Give the number of lines in the data below that contain "Silver", with no other words.

**** Data shown

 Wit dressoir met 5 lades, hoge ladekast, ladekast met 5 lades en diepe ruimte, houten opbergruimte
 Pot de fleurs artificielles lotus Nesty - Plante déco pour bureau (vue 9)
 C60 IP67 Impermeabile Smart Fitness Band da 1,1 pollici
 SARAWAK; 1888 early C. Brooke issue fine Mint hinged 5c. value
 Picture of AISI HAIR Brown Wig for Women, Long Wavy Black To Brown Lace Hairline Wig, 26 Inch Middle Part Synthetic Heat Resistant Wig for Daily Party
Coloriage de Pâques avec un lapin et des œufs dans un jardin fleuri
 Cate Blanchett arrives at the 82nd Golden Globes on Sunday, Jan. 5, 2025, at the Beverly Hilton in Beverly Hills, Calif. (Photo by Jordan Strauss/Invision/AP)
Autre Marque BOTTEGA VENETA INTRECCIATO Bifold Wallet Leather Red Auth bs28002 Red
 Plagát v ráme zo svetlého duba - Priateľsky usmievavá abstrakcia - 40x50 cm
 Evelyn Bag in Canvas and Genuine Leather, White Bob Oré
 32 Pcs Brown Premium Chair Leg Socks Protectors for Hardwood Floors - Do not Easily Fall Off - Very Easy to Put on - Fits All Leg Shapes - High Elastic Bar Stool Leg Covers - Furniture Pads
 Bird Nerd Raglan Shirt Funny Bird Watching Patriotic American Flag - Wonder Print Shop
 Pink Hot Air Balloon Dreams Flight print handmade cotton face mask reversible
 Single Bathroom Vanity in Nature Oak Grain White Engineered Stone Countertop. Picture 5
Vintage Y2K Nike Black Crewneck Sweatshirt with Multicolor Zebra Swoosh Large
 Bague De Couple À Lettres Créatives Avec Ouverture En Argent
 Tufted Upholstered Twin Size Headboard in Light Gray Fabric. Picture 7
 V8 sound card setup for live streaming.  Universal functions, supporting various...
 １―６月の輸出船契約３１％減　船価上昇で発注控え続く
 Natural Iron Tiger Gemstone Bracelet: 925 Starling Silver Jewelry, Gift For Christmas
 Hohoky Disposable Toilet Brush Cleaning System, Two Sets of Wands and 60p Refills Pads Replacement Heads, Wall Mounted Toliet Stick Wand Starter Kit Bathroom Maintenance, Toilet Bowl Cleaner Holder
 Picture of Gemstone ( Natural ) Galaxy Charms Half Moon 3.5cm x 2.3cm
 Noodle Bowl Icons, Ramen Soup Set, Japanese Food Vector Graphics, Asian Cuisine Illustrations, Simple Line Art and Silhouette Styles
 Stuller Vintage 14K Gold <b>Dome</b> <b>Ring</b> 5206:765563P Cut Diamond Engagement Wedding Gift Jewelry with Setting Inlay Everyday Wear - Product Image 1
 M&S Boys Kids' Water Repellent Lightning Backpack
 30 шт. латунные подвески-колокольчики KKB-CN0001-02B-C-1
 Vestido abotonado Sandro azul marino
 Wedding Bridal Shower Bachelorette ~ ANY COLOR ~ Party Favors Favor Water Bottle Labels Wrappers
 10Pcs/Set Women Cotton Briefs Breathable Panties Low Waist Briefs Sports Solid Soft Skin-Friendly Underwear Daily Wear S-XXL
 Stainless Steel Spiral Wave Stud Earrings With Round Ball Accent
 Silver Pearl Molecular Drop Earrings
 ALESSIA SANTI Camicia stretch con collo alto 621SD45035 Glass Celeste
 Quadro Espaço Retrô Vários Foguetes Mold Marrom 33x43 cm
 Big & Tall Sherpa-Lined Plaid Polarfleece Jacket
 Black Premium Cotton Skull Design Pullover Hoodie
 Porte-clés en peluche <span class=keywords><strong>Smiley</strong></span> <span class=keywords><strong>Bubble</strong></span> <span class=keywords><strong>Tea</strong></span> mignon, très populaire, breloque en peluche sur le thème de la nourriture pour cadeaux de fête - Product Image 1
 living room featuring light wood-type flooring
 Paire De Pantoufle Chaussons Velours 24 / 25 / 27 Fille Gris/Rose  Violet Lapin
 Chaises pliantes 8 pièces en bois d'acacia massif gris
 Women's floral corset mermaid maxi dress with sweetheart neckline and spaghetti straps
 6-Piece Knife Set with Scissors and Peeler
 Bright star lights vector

********

Reply.
2